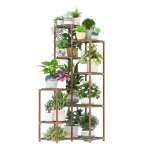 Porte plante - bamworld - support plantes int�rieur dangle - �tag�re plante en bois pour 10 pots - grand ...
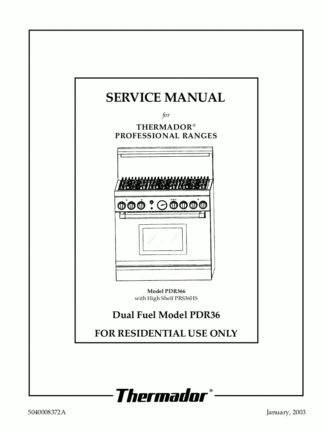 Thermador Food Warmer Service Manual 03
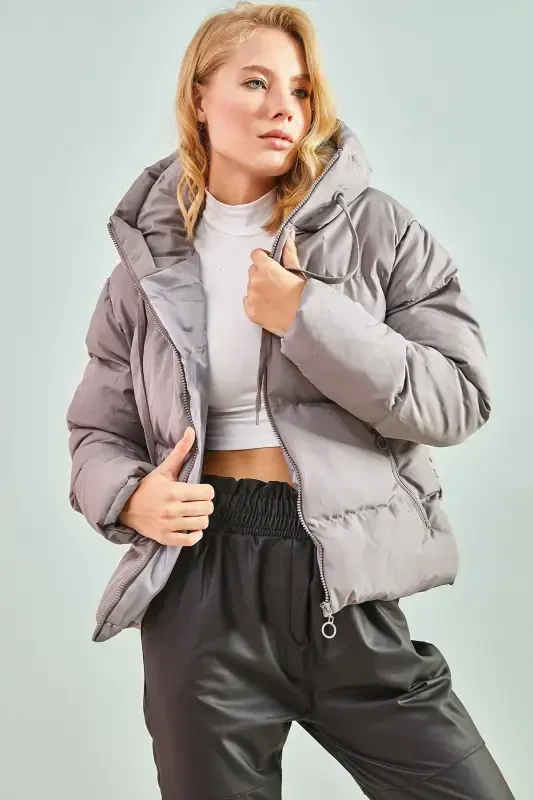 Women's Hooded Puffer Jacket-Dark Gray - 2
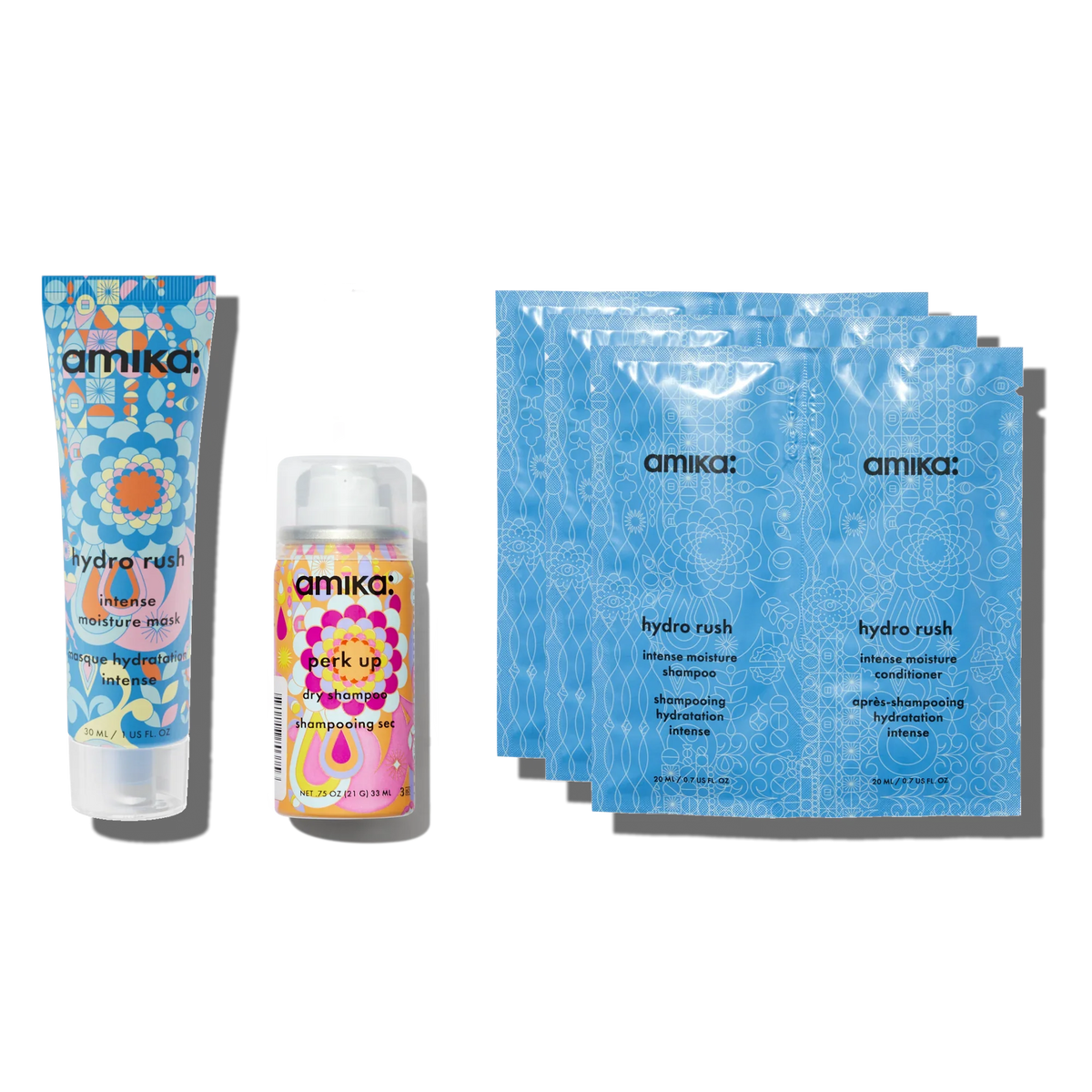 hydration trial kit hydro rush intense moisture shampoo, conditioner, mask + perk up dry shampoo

...

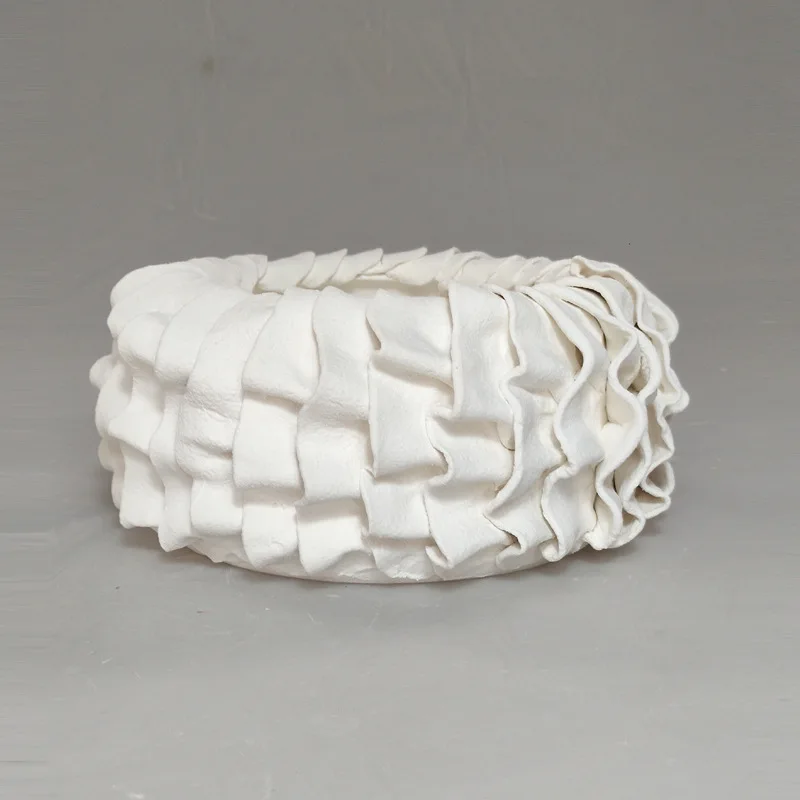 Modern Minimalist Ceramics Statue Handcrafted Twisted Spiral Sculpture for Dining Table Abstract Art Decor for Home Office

---

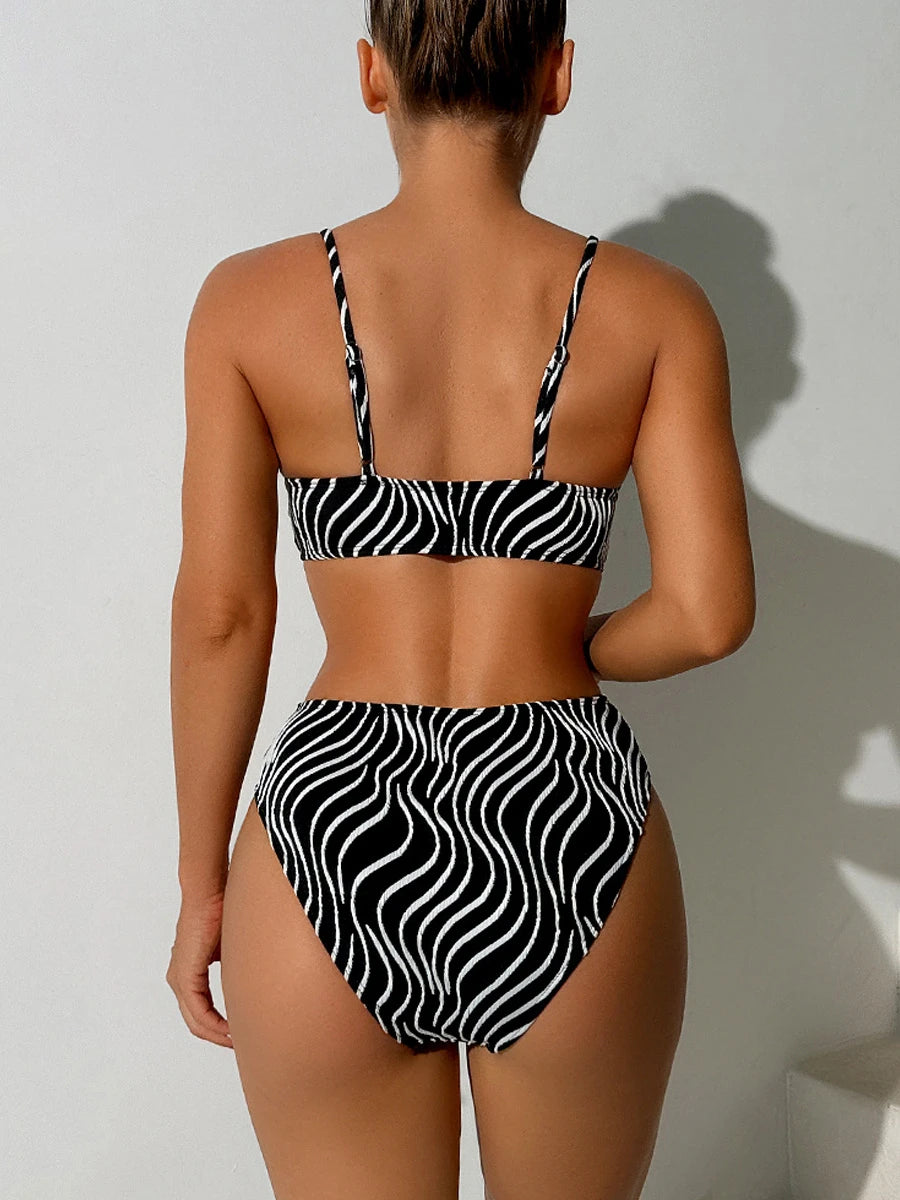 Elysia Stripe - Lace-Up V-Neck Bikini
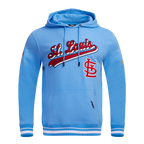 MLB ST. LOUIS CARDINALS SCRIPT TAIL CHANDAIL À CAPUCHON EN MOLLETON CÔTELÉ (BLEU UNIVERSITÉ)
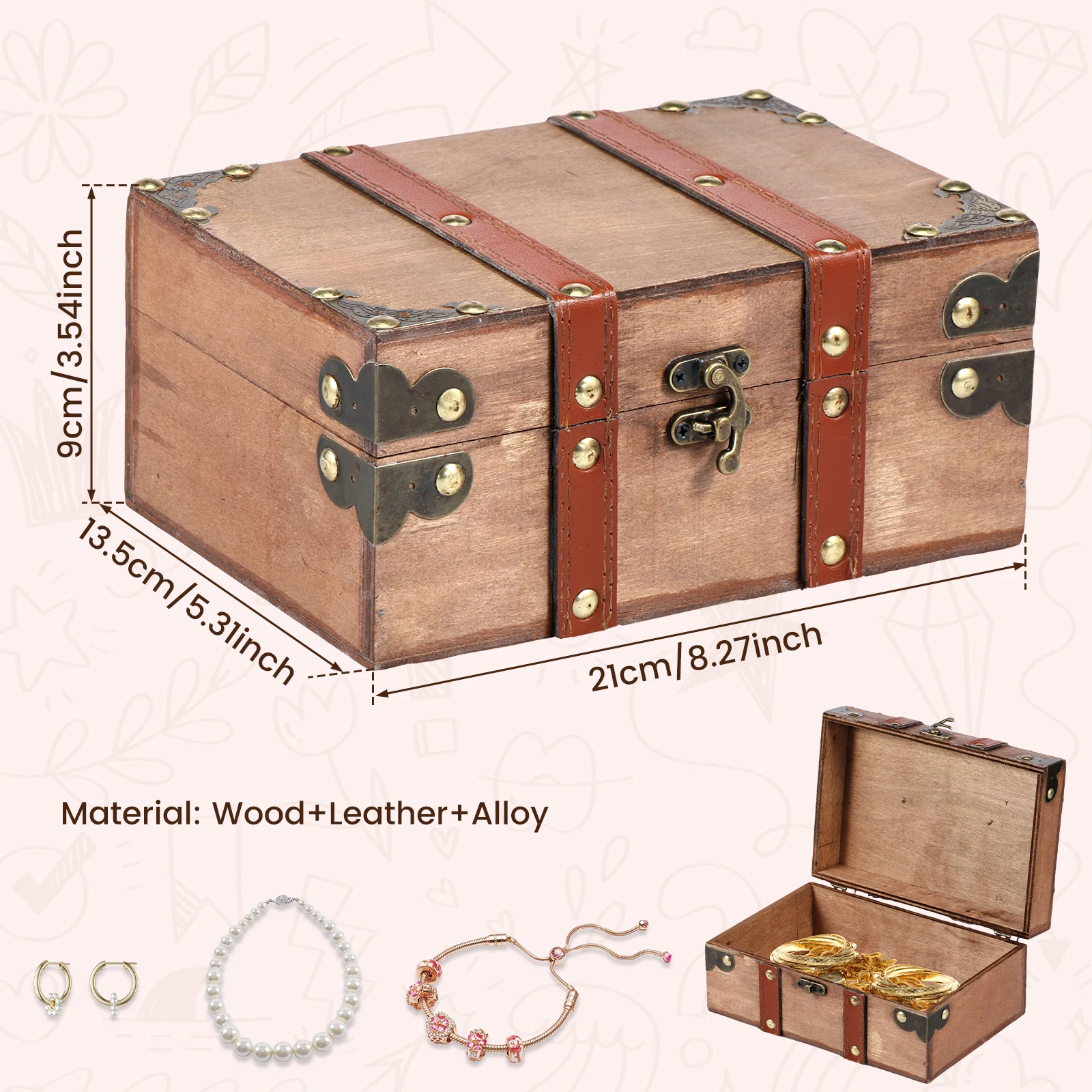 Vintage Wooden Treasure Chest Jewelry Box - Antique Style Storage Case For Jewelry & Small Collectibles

▶ Work order
The data above holds the lines to copy: start at the one with "Elysia Stripe - Lace-Up V-Neck Bikini", stop at the one with "Vintage Wooden Treasure", include both, copy them exactly without pictures, and copy nothing else.

▶ Response for this exercise
 Elysia Stripe - Lace-Up V-Neck Bikini
 MLB ST. LOUIS CARDINALS SCRIPT TAIL CHANDAIL À CAPUCHON EN MOLLETON CÔTELÉ (BLEU UNIVERSITÉ)
 Vintage Wooden Treasure Chest Jewelry Box - Antique Style Storage Case For Jewelry & Small Collectibles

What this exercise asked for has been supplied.